With our first child we tried, at least broadly, to follow attachment parenting* principles. I breast-fed, exclusively, on demand, and until she was happy to stop. Since she fed often during the night we co-slept, often, and at two-and-a-half she’s still frequently in our bed by morning. We carried her in a sling and weaned her onto finger-foods at her own pace, not a puree or a spoon in sight (except for yogurt. Yogurt without a spoon is a step too far). I looked forward to something similar second-time round.
But how are we supposed to translate this to a special needs baby? On day one, we struggled with breastfeeding. By day two, we were syringe-feeding, finger-feeding and, yes, formula-feeding. Not on demand but on a punishing schedule instigated by the threat that unless we could get 30 mls of milk – any milk – into him every three hours he would have to be fed through a tube. That would mean taking him into the neonatal unit, which had no beds free for me to stay with him. So, to maintain any level of attachment at this stage we were already compromising.
We finally succeeded with breast-feeding, although it was – is – hard to shake the habit of forcing a nipple into his mouth every three hours, hard to trust that he can show – that he can even tell – when he’s hungry. Especially since for the first few months he seemed happy to go all day without food and then indulge in a marathon six-hour banquet every evening, just when there was a dinner to cook and a toddler to bath and put to bed. Later, as you know, we did move back, partially, onto formula, which has reduced those evening sessions down to a couple of hours. And yes, much as I complained about them, I now miss them!

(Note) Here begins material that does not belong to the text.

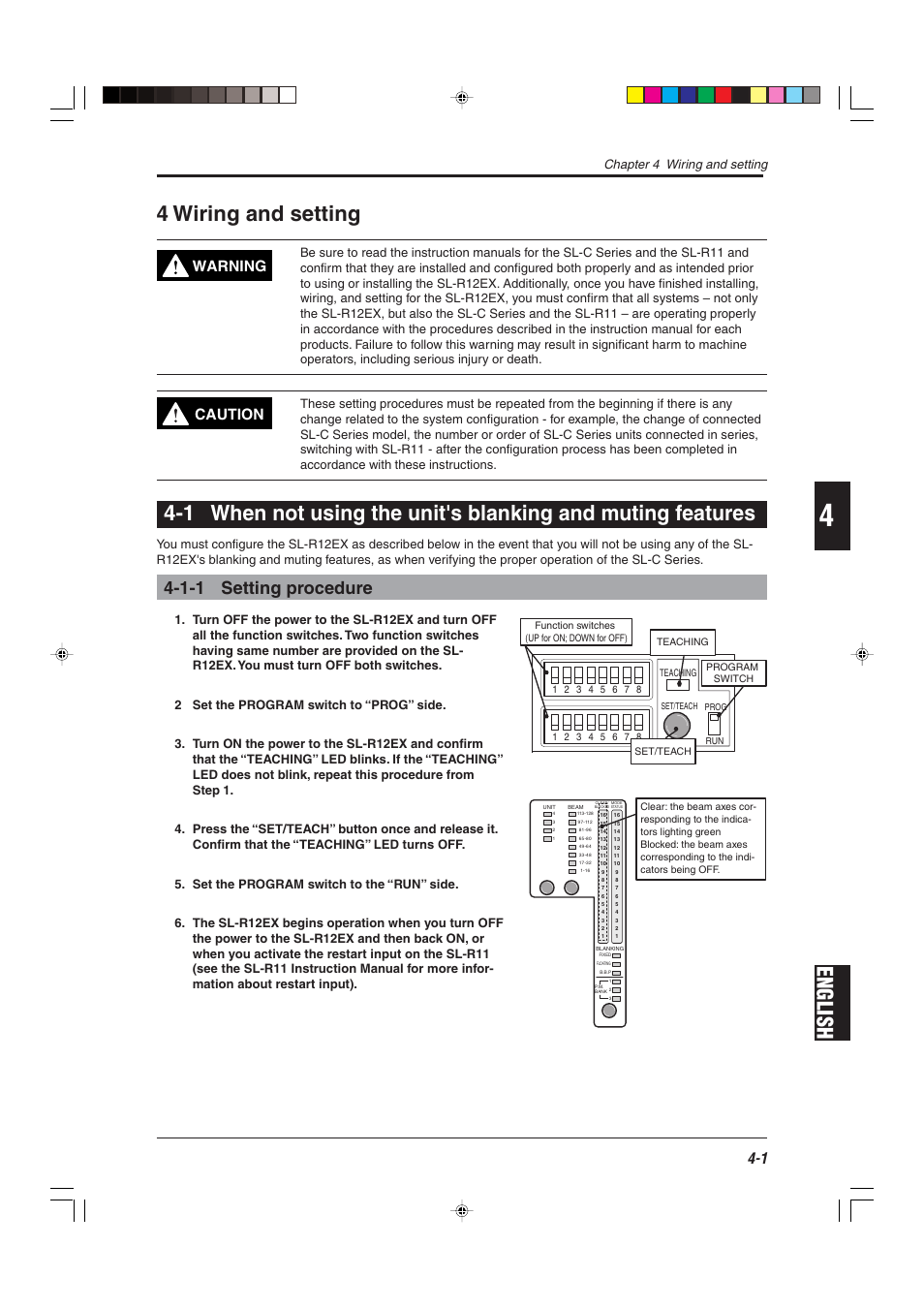 4 wiring and setting, 1-1 setting procedure, English 4 wiring and setting | Warning, Caution, Chapter 4 wiring and setting | KEYENCE SL-R12EX User Manual | Page 39 / 76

Baby-led weaning, in the strict sense, is out of the question. He does not grasp anything with intent and rarely brings his hands anywhere near his mouth, so that wasn’t going to work. It’ll be old-fashioned spoon-fed purees all the way. But we do try to let him lead and, remarkably, he does communicate what he wants. Place a spoon to his lips and if he’s hungry they will open. He eats until he’s full and at the next spoonful his lips remain firmly closed. He also communicates his likes and dislikes: chicken, cauliflower or peach, mouth open; potato or plum, mouth firmly closed. (Although like most children, at the first mouthful of anything he acts suspicious and makes a face like you’ve just fed him a wasp). I’ll be happy to spend several years pureeing peaches if he maintains some control, some choice, even some enjoyment out of his food.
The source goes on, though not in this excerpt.